Problem: Pull every line with the word "identification" out of the entries below.

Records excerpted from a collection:
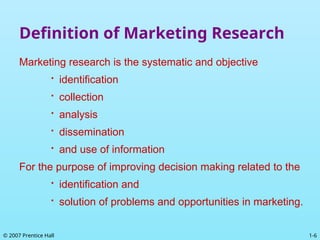 1-6
© 2007 Prentice Hall
Definition of Marketing Research
Marketing research is the systematic and objective

identification

collection

analysis

dissemination

and use of information
For the purpose of improving decision making related to the

identification and

solution of problems and opportunities in marketing.
 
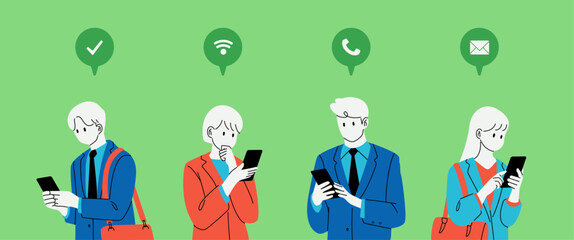 Business person using smartphone, smartphone function icon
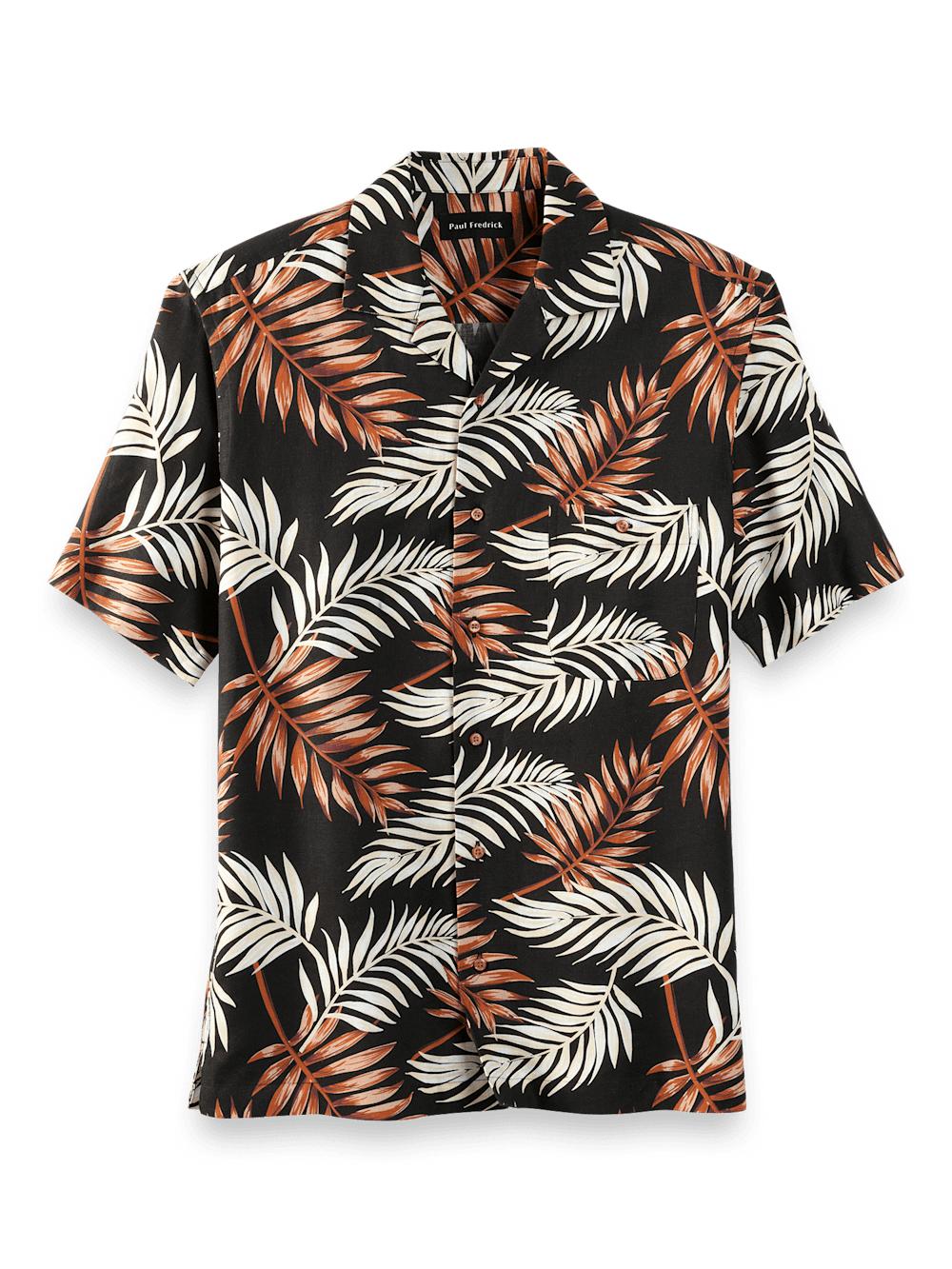 Linen Blend Tropical Print Casual Shirt - Black Multi Product Image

Problem solution:
identification
identification and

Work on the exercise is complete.